The One Hundred Nights of Hero, by Isabel Greenberg

Isabel Greenberg
I adored Isabel Greenberg's The Encyclopedia of Early Earth, so as soon as I heard about her new book The One Hundred Nights of Hero, I put it on hold at the library.  And this book was just what I needed.  It's all about women being amazing, about the power of stories, about the importance of resisting, even in the face of inevitable failure, and so much more.

 I debated whether I should review this book or not because it's one of those books that I just really loved because it was kind and beautiful.  However, The One Hundred Nights of Hero tackles some really big topics in a gloriously feminist way.  While The Encyclopedia of Early Earth was complex in its layering of stories within stories, the stories themselves were not super complicated (that I remember) and the story was centered on a man seeking love.  The One Hundred Nights of Hero is centered on two women in love.  Cherry is married to an imbecile who challenges his friend to seduce her in 100 nights.  His friend agrees, and is pretty clear that if seduction doesn't work, force will.  Cherry and her love, Hero, come up with a plan to distract the nefarious villain with stories each night.  But not just any stories, stories about women and the power of knowledge and the importance of choice. 

In none of these stories is there a happy ending of "Girl meets boy, girl marries boy, they live happily ever after."  There are stories of love and how beautiful a thing it can be, but Greenberg always stresses that the ability of a woman to choose her fate is equally, if not more, important.  Some of the stories end happily because women find ways to live independently.  Many of them end sadly because the women featured in them do not fit neatly into the strict definitions that patriarchal societies have set for them.
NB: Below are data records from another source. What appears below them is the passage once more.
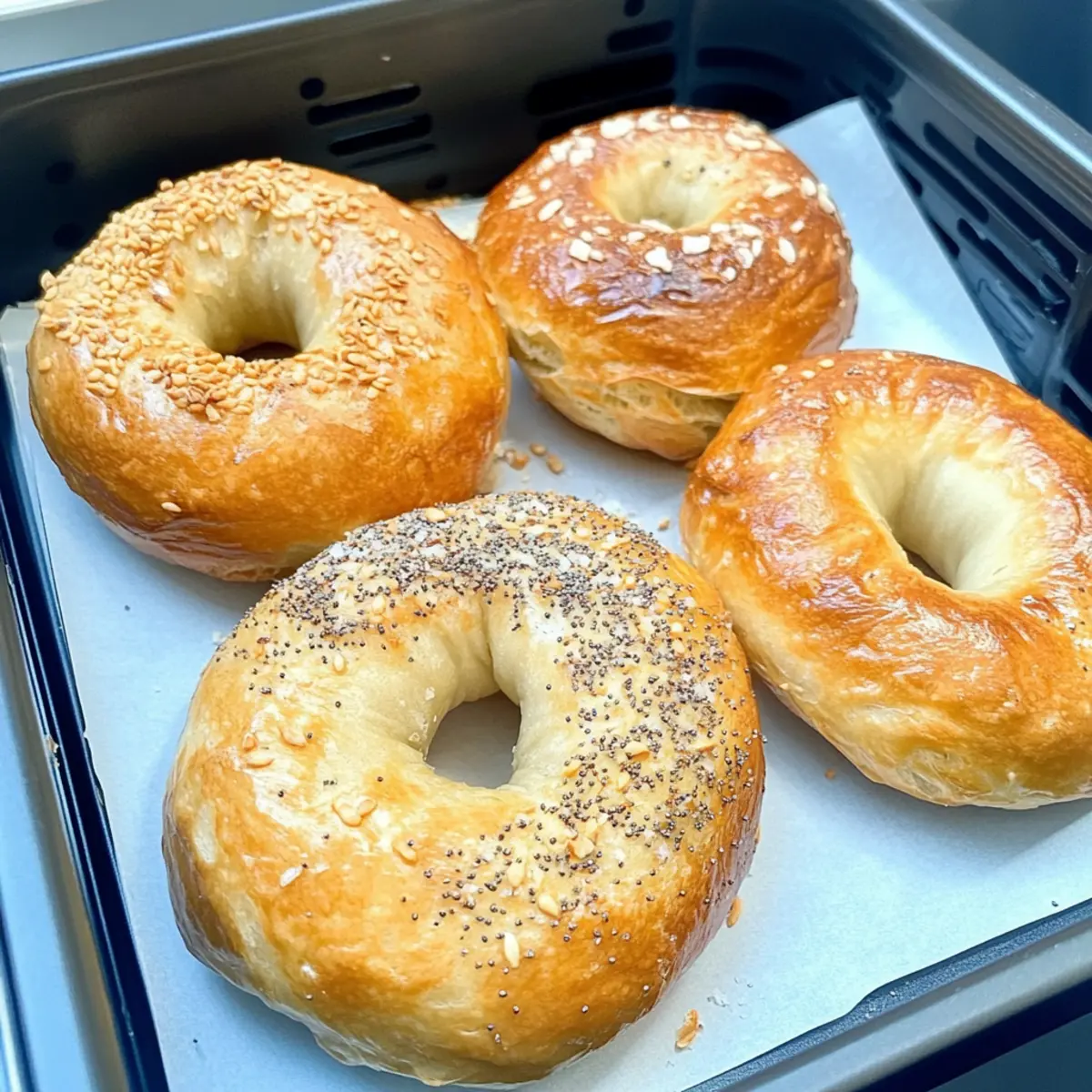 Deliciously Easy Bagels Air Fryer for Quick Breakfast Bliss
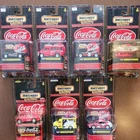 NIB Lot Of 7 Vintage Matchbox Collectibles Coca Cola Polar Bear Edition, etc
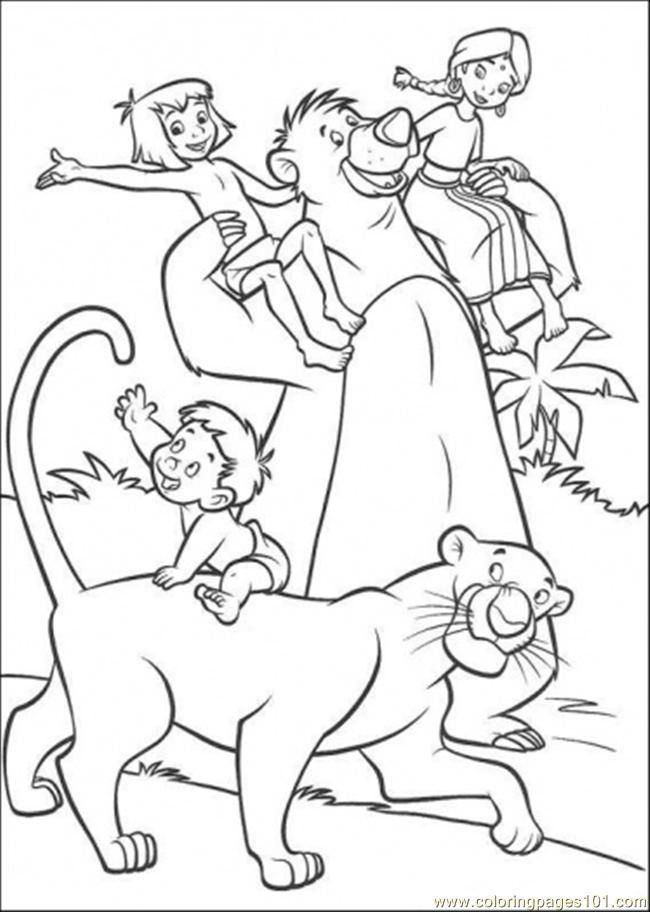 Plansa de colorat cu Familie 38 33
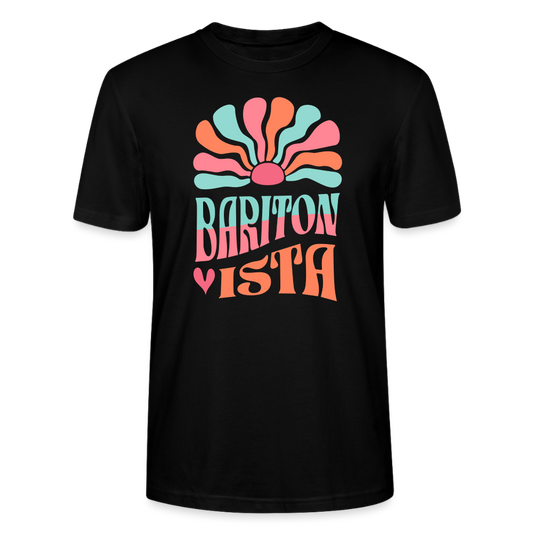 Baritonista - Bariton - Bio T-Shirt Standard - Schwarz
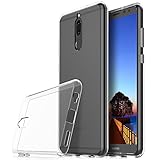 Huawei mate 10 lite / Huawei Nova 2i case, KuGi [Shock/ Scratch Absorption Protection] ultra-thin Flexible Rubber Soft TPU Bumper Case for Huawei mate 10 lite / Huawei Nova 2i smartphone (Clear)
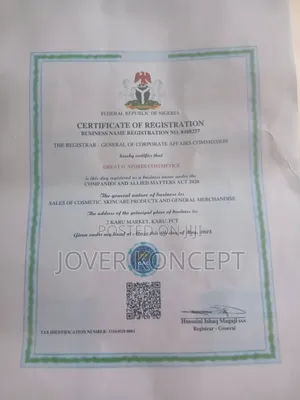 Companies, Businesses, Ngos, Churches, Mosque Registration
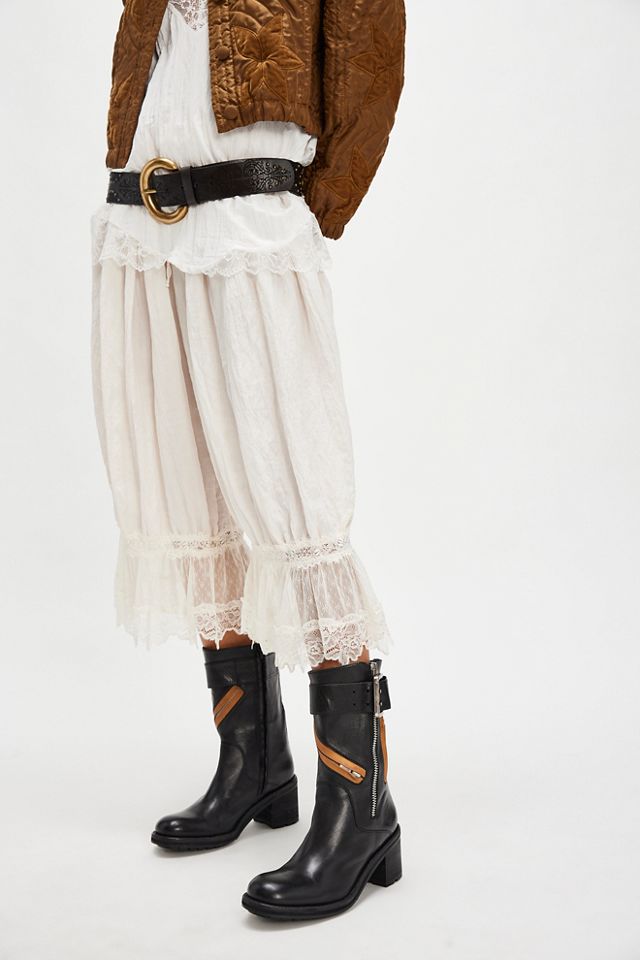 Almost Vintage Moto Boots #1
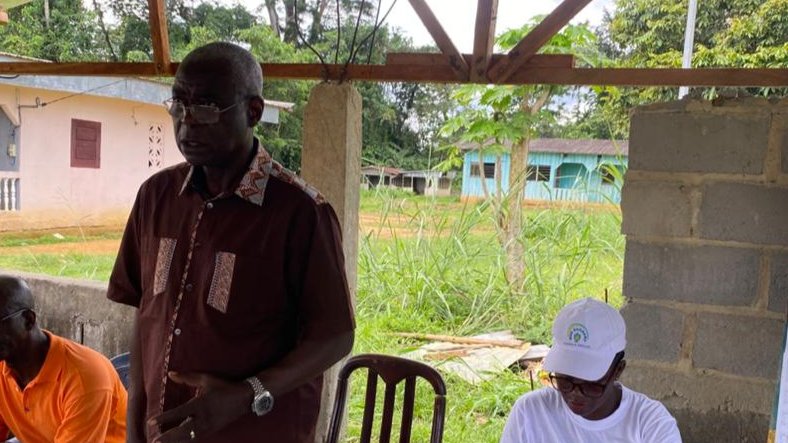 Législatives au Gabon : Fridolin Mve Messa réagit après l’annulation de son second tour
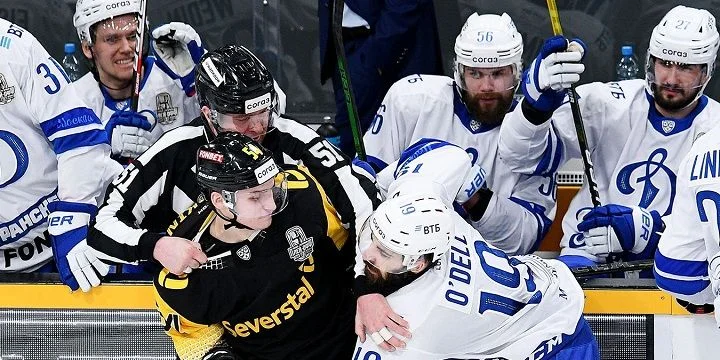 Динамо М - Северсталь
That makes it sound as though this is a melancholy and depressing book, but it is not that at all.  It's absolutely amazing.  There is so much humor, so much kindness and friendship and loyalty, and glorious sisterhood.  Also, the illustrations are beautiful.  And then, of course, there are the stories.

It's an excellent, gorgeous book, and I intend to splurge and buy some Isabel Greenberg for myself for my birthday this year - she's absolutely worth having on your keeper shelf.


  1. This sounds wonderful! Thank you for making me aware of it

  2. Sounds good :) But what a husband

  3. Wow! This really sounds like such a good book. I've never heard of Greenberg, but after reading your post, I'm definitely interested in checking out her work. Thanks :)

  4. This one sounds amazing. I hadn't heard of Greenberg before.

  5. Okay, I'll give this a try! The Encyclopedia of Early Earth wasn't perfect for me -- it felt a little less substantial than I wanted it to be -- but I wanted to like Isabel Greenberg. I wanted it sufficiently to give her another try!

  6. I'm glad you posted about this one; sometimes it's harder to write about books that one simply likes but of course one has very good reasons for liking them and when you think about it, they can be plenty revolutionary (as seems to be the case here)!